Du 6 au 9 juin 2024, les Européens se rendront aux urnes pour élire les députés qui les représenteront au sein du Parlement de l’Union européenne pour les cinq années à venir. L’occasion de faire un point sur l’enjeu politique et économique que représentent ces élections avec Andy Smith, chercheur en économie politique à Sciences Po.
Propos recueillis par Athénaïs Gagey.
On parle de gouvernance européenne, rarement de gouvernement européen. L’Union européenne (UE) n’a-t-elle pas de bord politique ?
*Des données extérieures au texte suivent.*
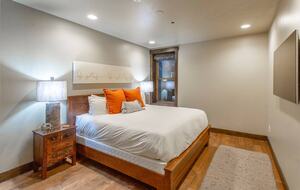 Old Town Park City Mountain Estate Steps from Main Street & Ski Lifts - Park City, Utah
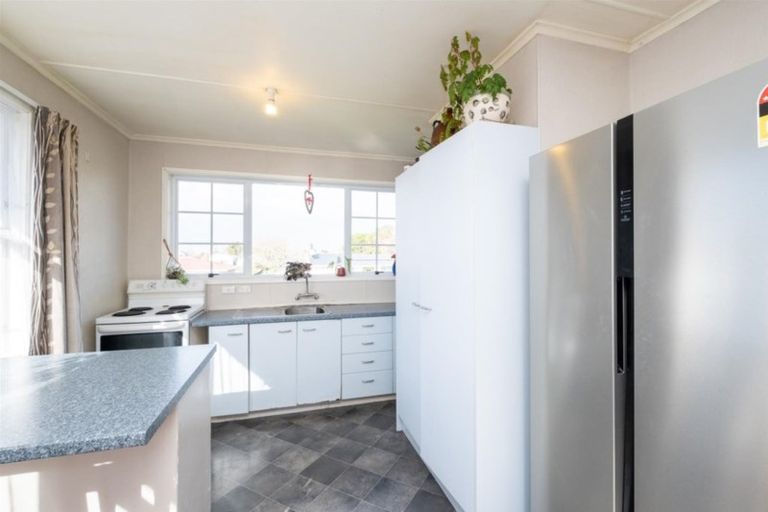 Photo of property in 100 Hathaway Street, Stratford, 4332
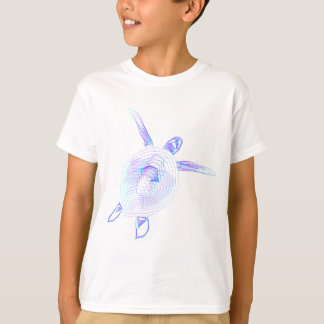 Les économies du garçon le T-shirt de tortues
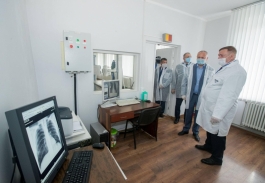 Глава государства посетил районную больницу в Шолданештах 
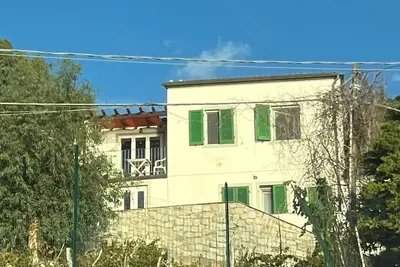 Image de Cozy three-room apartment, pets allowed, beautiful sea view.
Andy Smith : J’ai coutume de parler de gouvernement avec un petit « g ». Aujourd’hui, comme depuis le début de la construction européenne, c’est le marché commun qui constitue l’épicentre de l’activité socioéconomique et politique européenne. Son encadrement est le fruit d’un affrontement entre deux camps politiques relativement bien organisés. Le premier camp, que j’appelle néodirigisme, promeut l’intervention des pouvoirs publics pour corriger les défaillances du marché et orienter l’activité socioéconomique. En face, on trouve des néolibéraux qui considèrent que les pouvoirs publics doivent se retirer autant que possible.
L’histoire de l’UE, c’est l’histoire de compromis entre des élites affiliées à l’un de ces deux camps. La politique agricole commune (PAC), par exemple, a été bâtie sur le modèle dirigiste – l’UE intervient sur les prix, accorde des subventions aux agriculteurs pour fonder leur préretraite. Mais des éléments néolibéraux sont aussi présents dès le début : la politique de l’UE encourage depuis toujours la libre concurrence entre les entreprises européennes.
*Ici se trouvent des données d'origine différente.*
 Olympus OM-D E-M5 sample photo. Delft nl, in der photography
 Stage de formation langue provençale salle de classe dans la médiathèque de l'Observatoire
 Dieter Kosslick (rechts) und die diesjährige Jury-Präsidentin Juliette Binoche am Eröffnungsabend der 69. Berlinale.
Mais par la suite, on assiste à un tournant libéral ?
Cette tension entre dirigisme et libéralisme perdure jusque dans les années 1960. Au cours des années 1980, l’UE commence à prendre une tangente néolibérale surtout parce que des gouvernements néolibéraux arrivent à la tête des États, à partir de l’arrivée de Thatcher au pouvoir au Royaume-Uni en 1979. Puis, à la fin des années 1990, le tournant néolibéral est franchement institutionnalisé au niveau européen quand Jacques Delors quitte la présidence de la Commission. S’est ensuivie une refonte profonde de la politique de la concurrence. Cela passe par les contrôles sur des fusions entre les grandes firmes, et par l’interdiction des aides d’État et des situations d’oligopole qui sont vues comme dénaturant le fonctionnement de marché.
“Les politiques communes existent depuis toujours et sont engagées secteur par secteur”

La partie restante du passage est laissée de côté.